Les réseaux sociaux aujourd'hui
décuplent cette mise en scène puisque non seulement nous sommes les
acteurs de notre existence, mais nous en devenons aussi les metteurs
en scène. Je fais le casting de mes amis, je leur suggère certaines
réactions : une photo de mon chien ou de mes enfants va
nécessairement entraîner une rafale de « j'aime » ou de
remarques comme « trop mignon ». Si je poste la photo
d'un plat on dira « miam », je répondrai « une
tuerie ». C'est mon anniversaire...un petit « HB bro »

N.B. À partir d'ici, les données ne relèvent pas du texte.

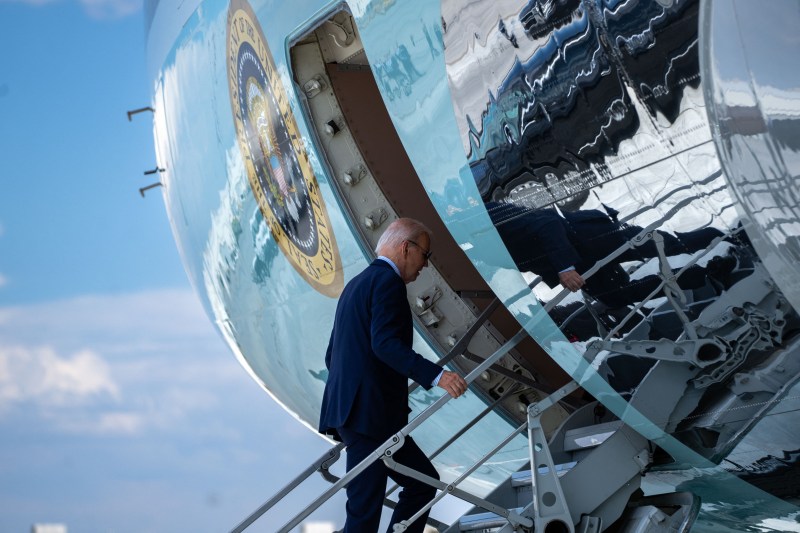 Joe Biden a fost testat pozitiv cu Covid și se va autoizola în Delaware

un peu pressé, je publie une nouvelle étonnante... un
petit« WTF »un peu stressé. Nos rapports virtuels sont
codifiés et prédéterminés ; comme les chiens de Pavlov, nous
ne sommes presque qu'un ensemble d'actions et de réactions.
On pourrait certes interpréter cette
constatation comme une accusation. On pourrait dire, et on le dit
souvent, que facebook c'est du « fake », on simule, on
n'est pas nous-même, on s'invente une vie. Cela est vrai
partiellement. Cependant, refuser de jouer un rôle sur facebook,
garder le silence ou même refuser par principe d'avoir un compte
facebook, c'est toujours jouer un rôle. Le rôle du gars
authentique, le rôle de l'intellectuel qui ne s'abaisse pas à ces
âneries, le rôle du gars occupé qui n'a pas de temps à perdre ou
encore le rôle subtil de celui qui ne veut jouer aucun rôle.
Pourtant, qu'on le veuille ou non, nous sommes toujours en train de
jouer un rôle. Il est donc faux d'opposer l'authenticité de la
vraie vie à l'inauthenticité de facebook. Facebook ne fait
qu'accentuer ce que nous sommes dans la vie quotidienne. Certes, nous
jouons un rôle sur FB, mais on le fait aussi dans notre vie de tous
les jours. Il n'y a donc pas une différence de nature entre le
virtuel et le réel mais une différence de degré.
Mais parler de l'inauthenticité de
notre vie et de facebook, n'est-ce pas déjà aller trop loin ?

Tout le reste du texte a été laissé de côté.